Web page caption snippets:
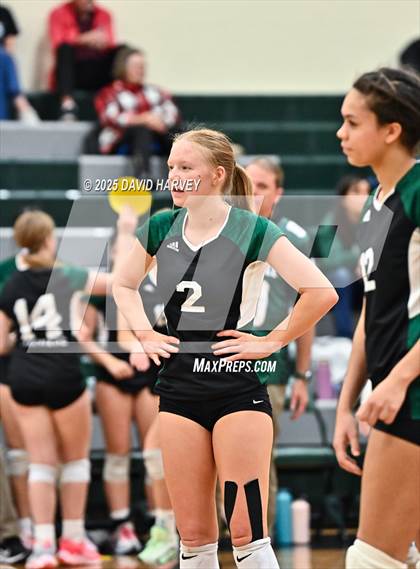 Thumbnail 2 in Pomona @ D'Evelyn photogallery.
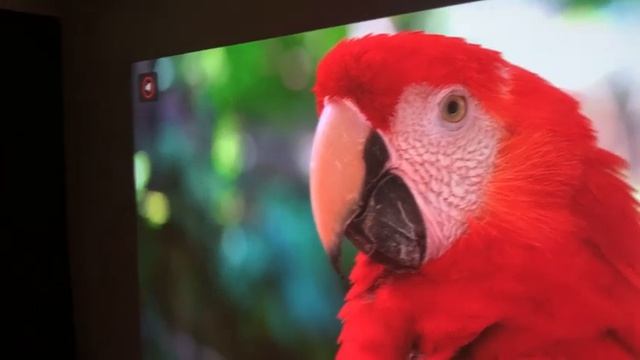 FULL HD ПРОЕКТОР С 4К TouYinger Q11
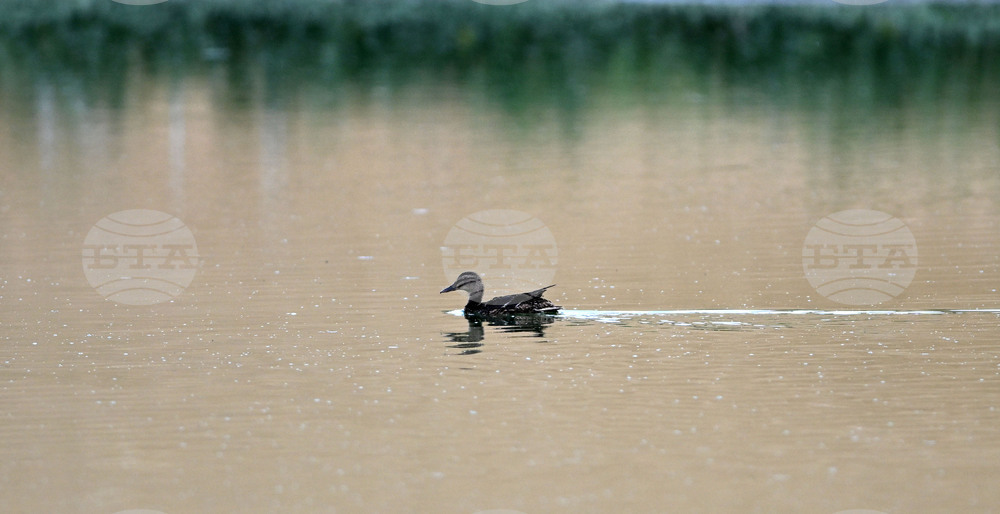 Село Брестовене - птици - любопитно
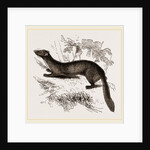 tBeech Marten by Anonymous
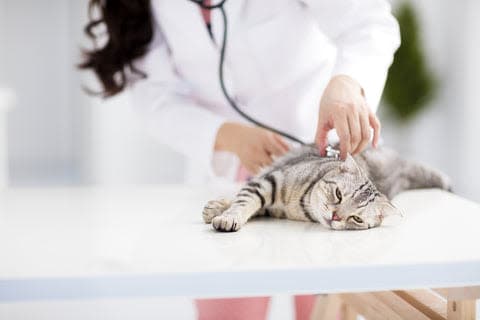 a cat laying on a table being examined by a vet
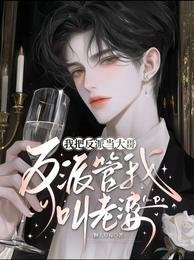 《我把反派当大哥,反派管我叫老婆》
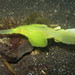 Robust Ghostpipefish - Photo (c) Franco Colnago, some rights reserved (CC BY-NC), uploaded by Franco Colnago
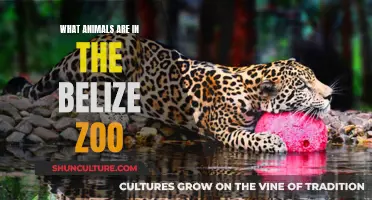 Belize Zoo: A Sanctuary for the Wild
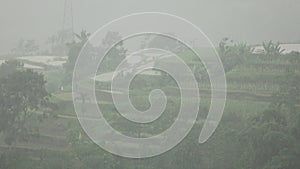 Panorama of rice fields during tropical rain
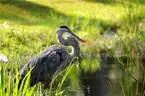 Buildable End Lot in Punta Gorda, Florida, Burnt Store Lakes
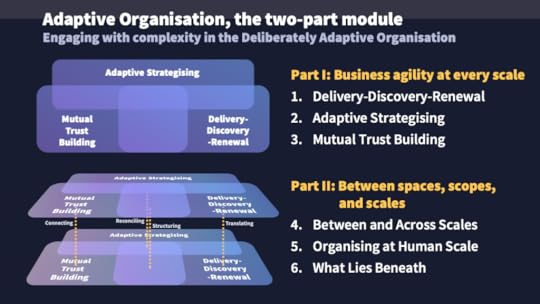 Adaptive Organisation, the two-part module: Engaging with complexity in the Deliberately Adaptive Organisation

*Work task:* Print exactly the lines between the line containing "Robust Ghostpipefish - Photo" and the last line of the entries above, including both, and nothing besides; skip the pictures.

*Written reply:*
 Robust Ghostpipefish - Photo (c) Franco Colnago, some rights reserved (CC BY-NC), uploaded by Franco Colnago
 Belize Zoo: A Sanctuary for the Wild
 Panorama of rice fields during tropical rain
 Buildable End Lot in Punta Gorda, Florida, Burnt Store Lakes
 Adaptive Organisation, the two-part module: Engaging with complexity in the Deliberately Adaptive Organisation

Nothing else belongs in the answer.